Aim of the exercise: At the line that holds "Simple embroidered circle shirt", start repeating, and keep going exactly through the final line of the material; include both ends and skip the pictures.

Material for this exercise:

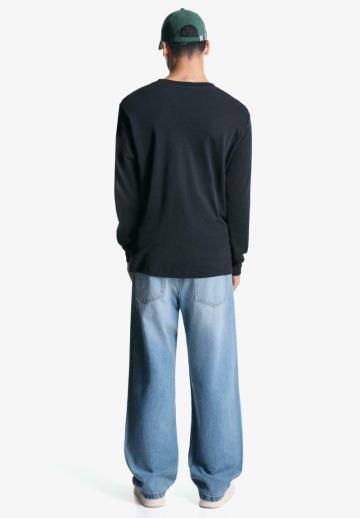 Свободные джинсы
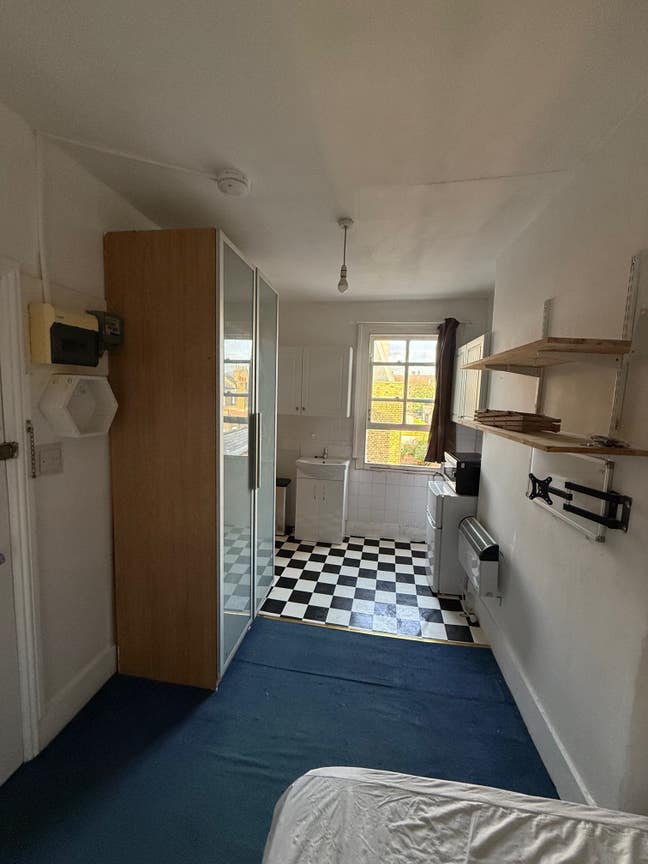 Top Floor Room in Stockwell Main Photo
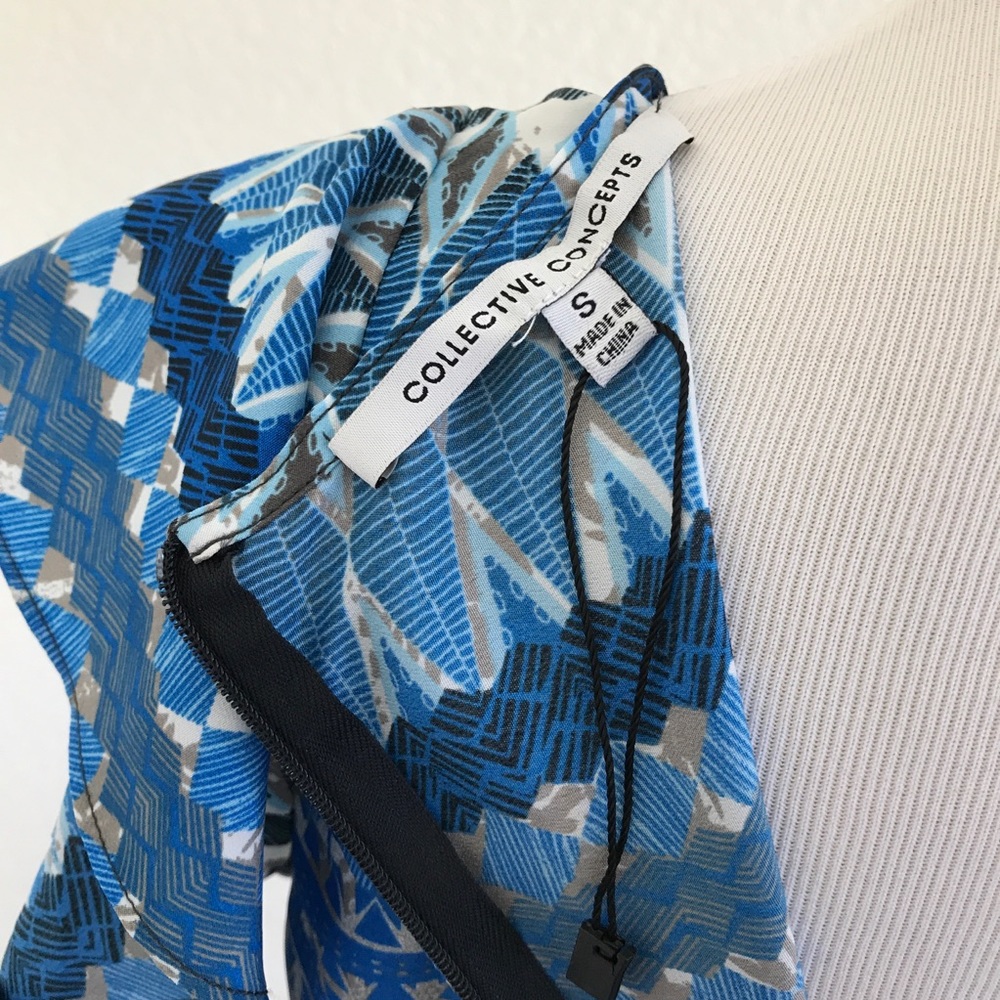 Collective Concepts Butterfly Sleeves Romper - Picture 5 of 6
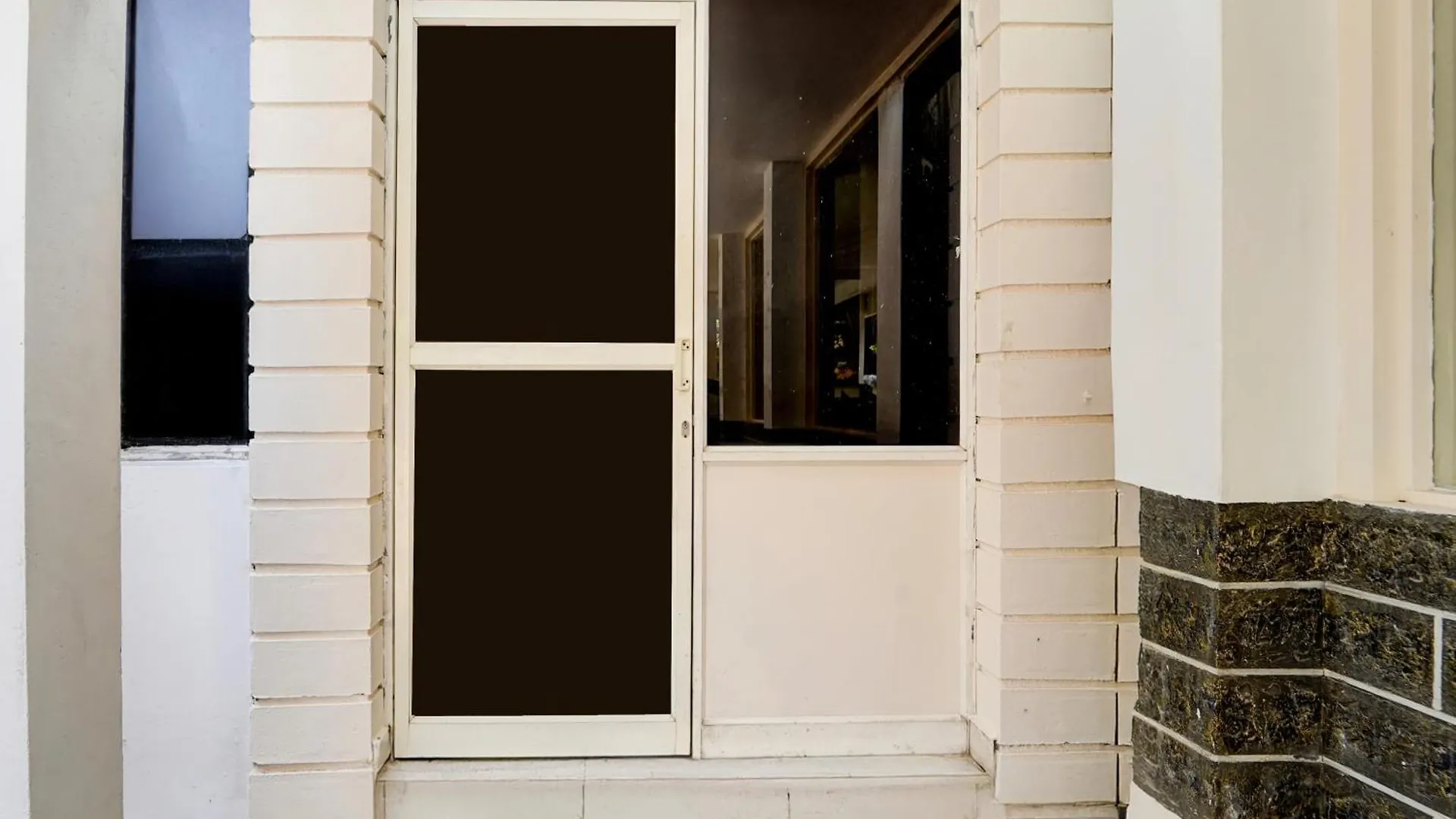 Super Townhouse Deshabhimani Road Kaloor Kochi Hotel 0*,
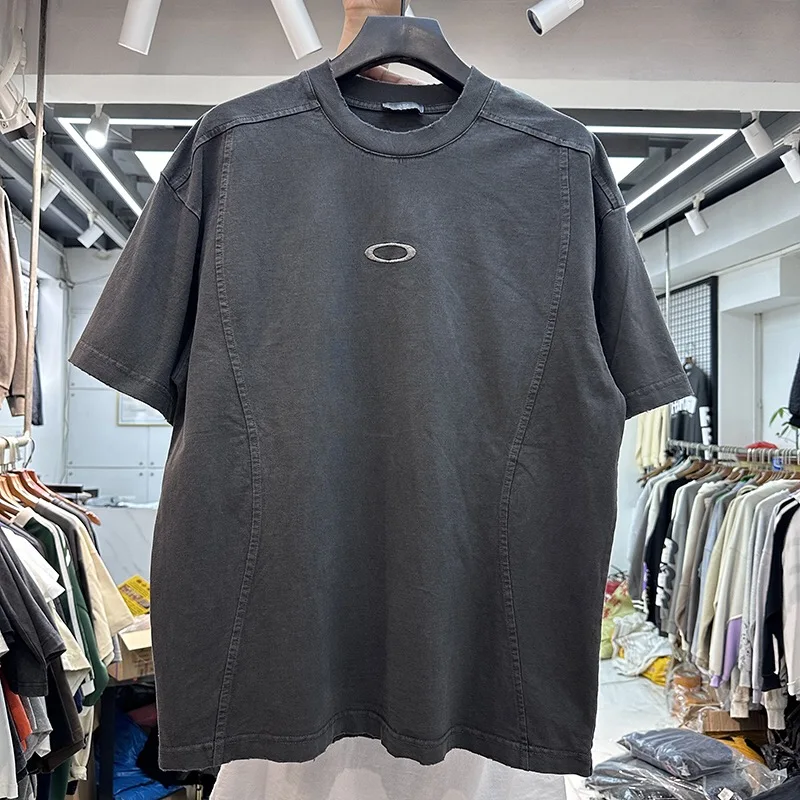 

Simple embroidered circle shirt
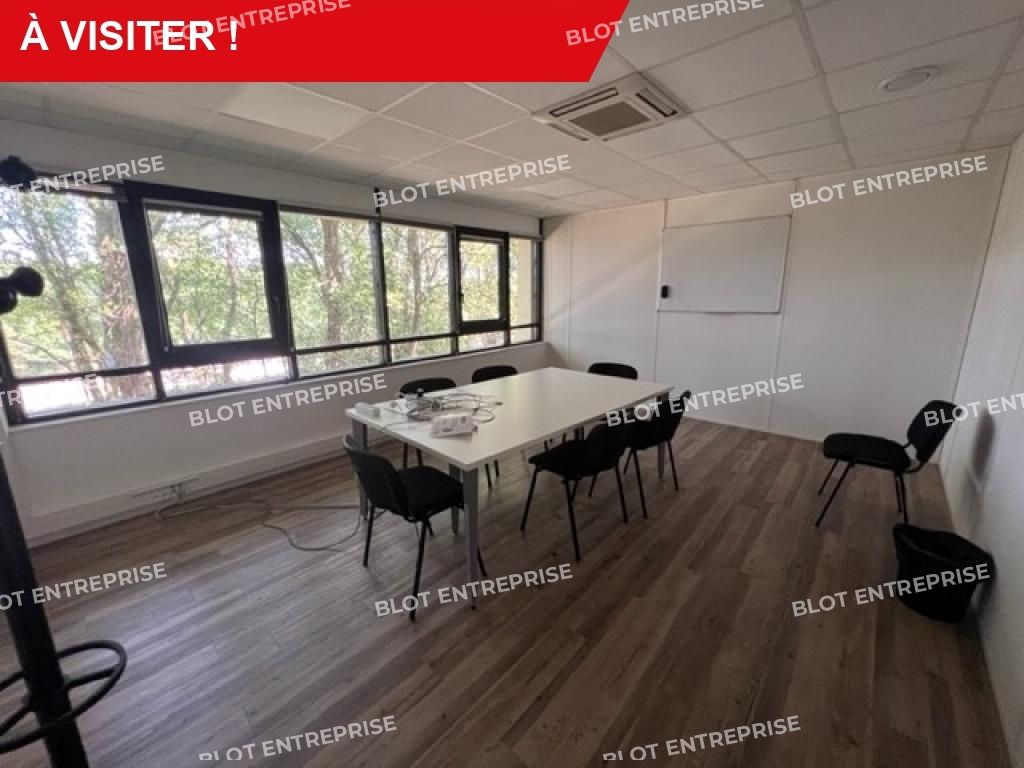 Location bureaux 444 m² non divisibles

Output for this exercise:
Simple embroidered circle shirt
 Location bureaux 444 m² non divisibles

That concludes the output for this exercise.